===== RECORDED INFORMATION =====

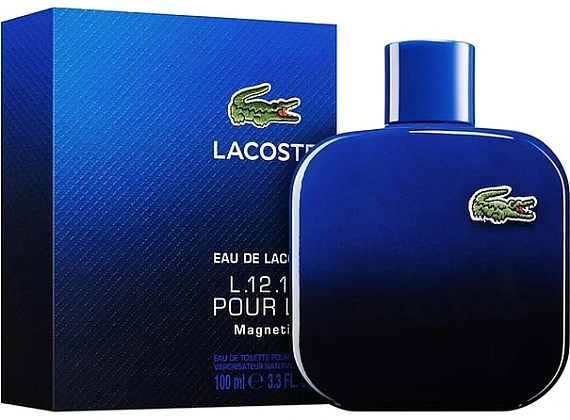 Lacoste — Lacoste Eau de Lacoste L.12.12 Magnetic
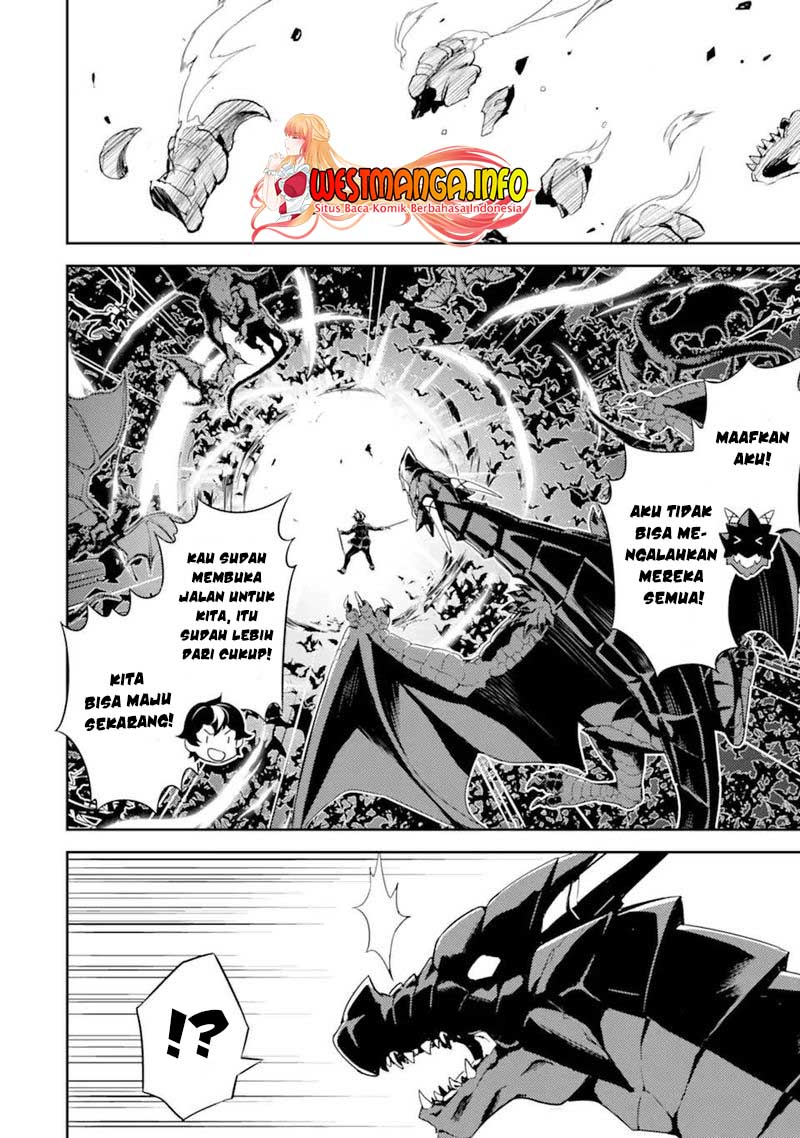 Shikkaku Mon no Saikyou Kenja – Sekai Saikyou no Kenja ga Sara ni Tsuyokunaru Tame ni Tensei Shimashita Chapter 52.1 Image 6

=====
===== RECORDED INFORMATION =====

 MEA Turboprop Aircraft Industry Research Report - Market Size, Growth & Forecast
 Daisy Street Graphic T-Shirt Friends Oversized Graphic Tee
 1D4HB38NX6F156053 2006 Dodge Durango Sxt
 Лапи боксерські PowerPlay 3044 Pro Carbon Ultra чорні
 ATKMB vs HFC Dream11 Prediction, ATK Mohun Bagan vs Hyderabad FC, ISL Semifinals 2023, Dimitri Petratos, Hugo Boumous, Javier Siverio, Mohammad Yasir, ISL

=====
===== RECORDED INFORMATION =====

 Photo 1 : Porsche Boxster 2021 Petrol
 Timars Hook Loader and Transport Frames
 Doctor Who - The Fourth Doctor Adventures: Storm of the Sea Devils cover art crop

=====

Nothing but the lines from the one containing "Lacoste — Lacoste" through the one containing "Shikkaku Mon no" should appear, copied exactly from the material above and without pictures.

* _RESPONSE_
 Lacoste — Lacoste Eau de Lacoste L.12.12 Magnetic
 Shikkaku Mon no Saikyou Kenja – Sekai Saikyou no Kenja ga Sara ni Tsuyokunaru Tame ni Tensei Shimashita Chapter 52.1 Image 6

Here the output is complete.